------ Data under study
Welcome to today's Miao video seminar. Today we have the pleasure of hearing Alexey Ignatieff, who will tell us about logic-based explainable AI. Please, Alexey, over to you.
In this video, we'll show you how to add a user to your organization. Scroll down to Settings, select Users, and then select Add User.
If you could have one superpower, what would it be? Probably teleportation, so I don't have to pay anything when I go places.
------------
------ Data under study
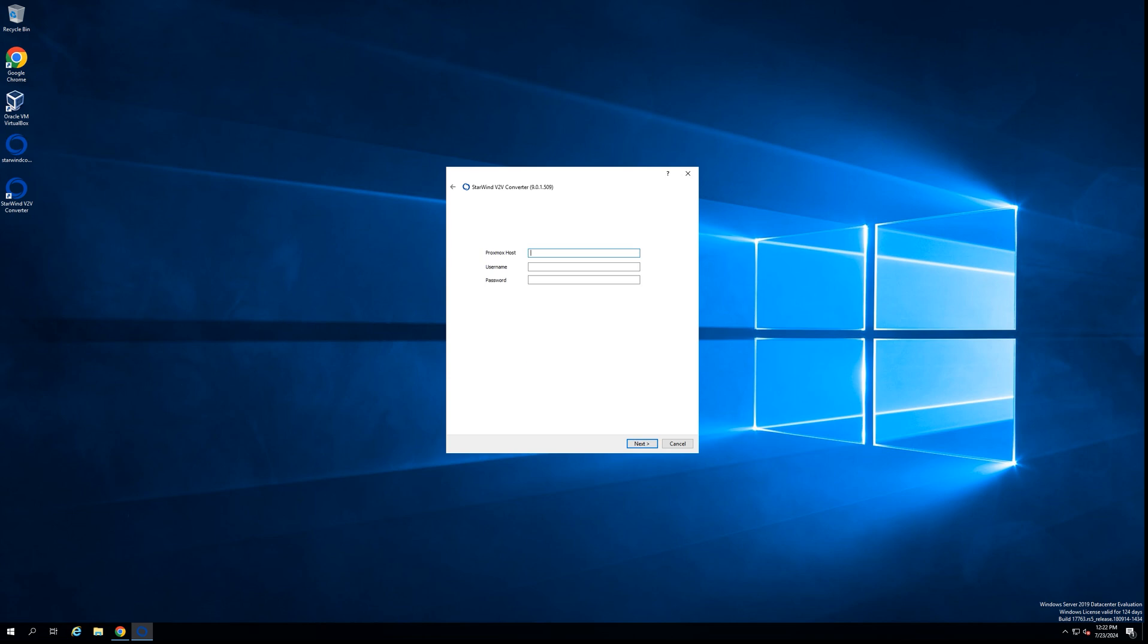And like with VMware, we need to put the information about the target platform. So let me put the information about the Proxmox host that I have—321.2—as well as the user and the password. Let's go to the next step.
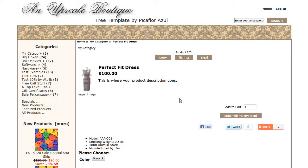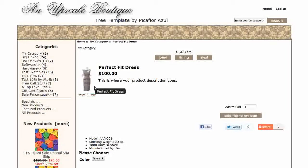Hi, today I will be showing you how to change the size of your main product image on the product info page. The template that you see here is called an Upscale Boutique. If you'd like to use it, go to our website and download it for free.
------------
● **Assignment**: From the listing above, copy every line that holds the string "video".

● **Answer to this task**:
Welcome to today's Miao video seminar. Today we have the pleasure of hearing Alexey Ignatieff, who will tell us about logic-based explainable AI. Please, Alexey, over to you.
In this video, we'll show you how to add a user to your organization. Scroll down to Settings, select Users, and then select Add User.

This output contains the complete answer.